Under the assumptions above, \[ \E\left[\int_T X_t \, d\mu(t)\right] = \int_T \E\left(X_t\right) \, d\mu(t) \] in each of the following cases:

\( X_t \) is nonnegative for each \( t \in T \).
\(\int_T \E\left(\left|X_t\right|\right) \, d\mu(t) \lt \infty \)

Fubini's theorem actually states that the two iterated integrals above equal the joint integral \[ \int_{\Omega \times T} X_t(\omega) \, d(\P \otimes \mu)(\omega, t) \] where of course, \( \P \otimes \mu \) is the product measure on \( (\Omega \times T, \mathscr{F} \otimes \mathscr{T}) \). However, our interest is usually in evaluating the iterated integral above on the left in terms of the iterated integral on the right. Part (a) is the expected value version of Tonelli's theorem, named for Leonida Tonelli.

Examples and Exercises

You may have worked some of the computational exercises before, but try to see them in a new light, in terms of the general theory of integration.

The Cauchy Distribution

Recall that the Cauchy distribution, named for Augustin Cauchy, is a continuous distribution with probability density function \( f \) given by \[ f(x) = \frac{1}{\pi \left(1 + x^2\right)}, \quad x \in \R \]

Suppose that \( X \) has the Cauchy distribution.

Show that \( \E(X) \) does not exist.
Find \( \E\left(X^2\right) \)

Details:

\( \E\left(X^+\right) = \E\left(X^-\right) = \infty \)
\( \infty \)

Open the Cauchy Experiment and keep the default parameters. Run the experiment 1000 times and note the behaior of the sample mean.

The Pareto Distribution

Recall that the Pareto distribution, named for Vilfredo Pareto, is a continuous distribution with probability density function \( f \) given by \[ f(x) = \frac{a}{x ^{a+1}}, \quad x \in [1, \infty) \] where \( a \gt 0 \) is the shape parameter.

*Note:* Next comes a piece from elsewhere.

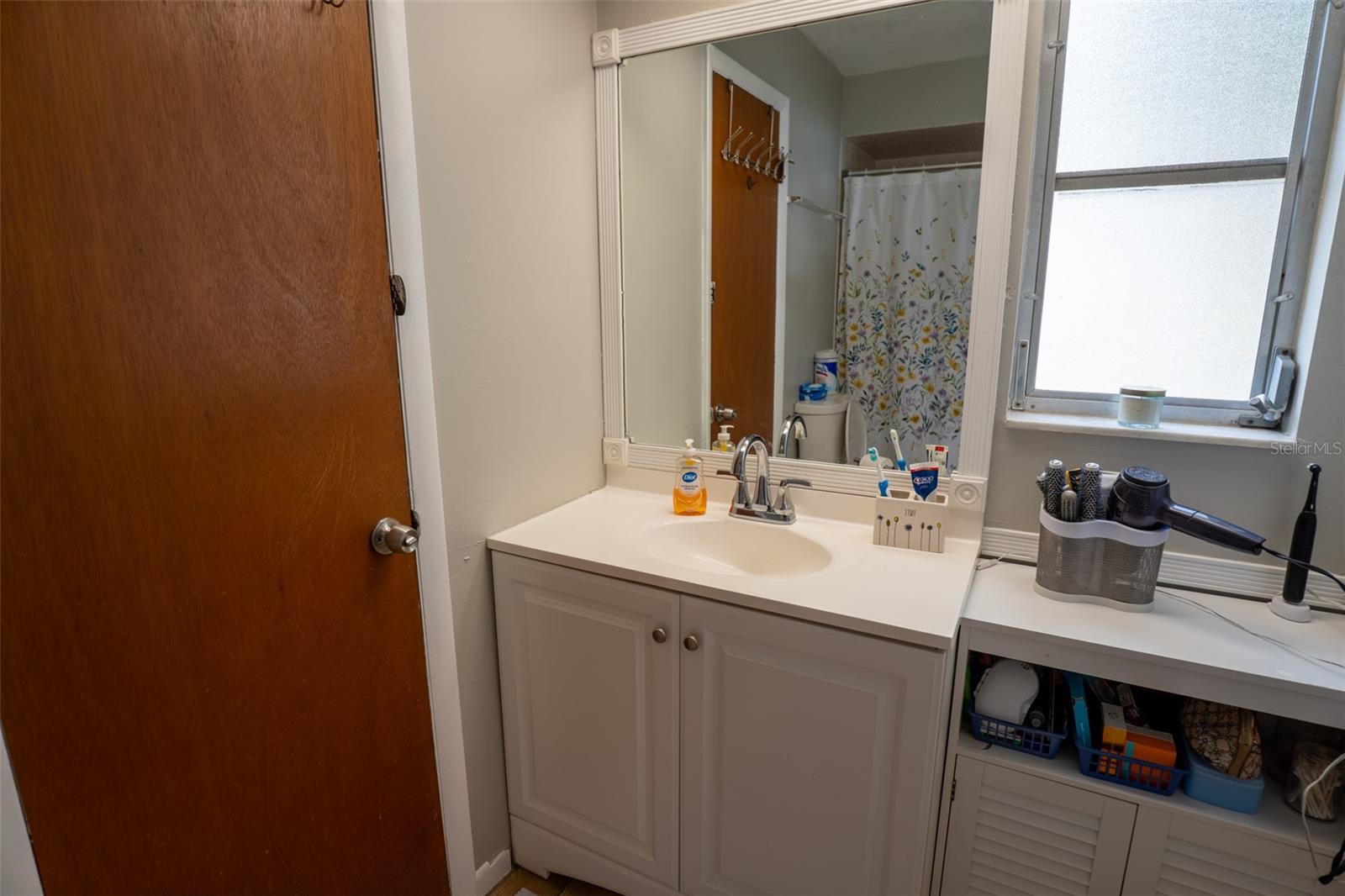 161 SUNWARD AVE — photo 34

Suppose that \( X \) has the Pareto distribution with shape parameter \( a \). Find \( \E(X) \) is the following cases:

\(0 \lt a \le 1\)
\( a \gt 1 \)

Answer

\( \infty \)
\( \frac{a}{a - 1} \)

Open the special distribution simulator and select the Pareto distribution. Vary the shape parameter and note the shape of the probability density function and the location of the mean. For various values of the parameter, run the experiment 1000 times and compare the sample mean with the distribution mean.

Suppose that \( X \) has the Pareto distribution with shape parameter \( a \). Find \( E\left(1 / X^n \right) \) for \( n \in \N_+ \).

Details:

\( \frac{a}{a + n} \)

Special Results for Nonnegative Variables

For a nonnegative variable, the moments can be obtained from integrals of the right-tail distribution function.

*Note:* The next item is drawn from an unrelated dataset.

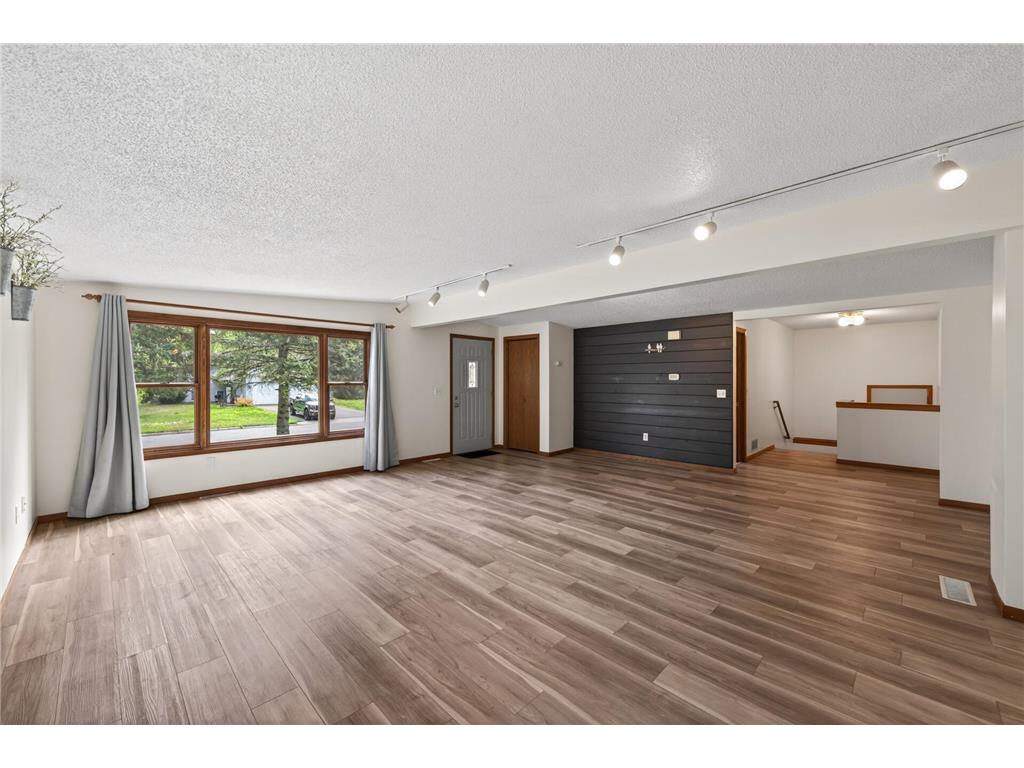 1612 Goodview Avenue N Oakdale MN 55128 7069791 image7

If \(X\) is a nonnegative random variable then \[ \E\left(X^n\right) = \int_0^\infty n x^{n-1} \P(X \gt x) \, dx \]

Details:

By Fubini's theorem we can interchange an expected value and integral when the integrand is nonnegative. Hence \[ \int_0^\infty n x^{n-1} \P(X \gt x) \, dx = \int_0^\infty n x^{n-1} \E\left[\bs{1}(X \gt x)\right] \, dx = \E \left(\int_0^\infty n x^{n-1} \bs{1}(X \gt x) \, dx \right) = \E\left( \int_0^X n x^{n-1} \, dx \right) = \E\left(X^n\right) \]

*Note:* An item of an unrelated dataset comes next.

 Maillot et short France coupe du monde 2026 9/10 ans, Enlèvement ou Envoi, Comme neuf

When \( n = 1 \) we have \( \E(X) = \int_0^\infty \P(X \gt x) \, dx \). We saw this result before, but now we can understand the proof in terms of Fubini's theorem.

For a random variable taking nonnegative integer values, the moments can be computed from sums involving the right-tail distribution function.

Suppose that \(X\) has a discrete distribution, taking values in \(\N\). Then \[ \E\left(X^n\right) = \sum_{k=1}^\infty \left[k^n - (k - 1)^n\right] \P(X \ge k) \]

Details:

By the theorem in , we can interchange expected value and infinite series when the terms are nonnegative. Hence \[ \sum_{k=1}^\infty \left[k^n - (k - 1)^n\right] \P(X \ge k) = \sum_{k=1}^\infty \left[k^n - (k - 1)^n\right] \E\left[\bs{1}(X \ge k)\right] = \E\left(\sum_{k=1}^\infty \left[k^n - (k - 1)^n\right] \bs{1}(X \ge k) \right) = \E\left(\sum_{k=1}^X \left[k^n - (k - 1)^n\right] \right) = \E\left(X^n\right) \]

When \( n = 1 \) we have \( \E(X) = \sum_{k=0}^\infty \P(X \ge k) \). We also saw this result before, but now we can understand the proof in terms of the interchange of sum and expected value.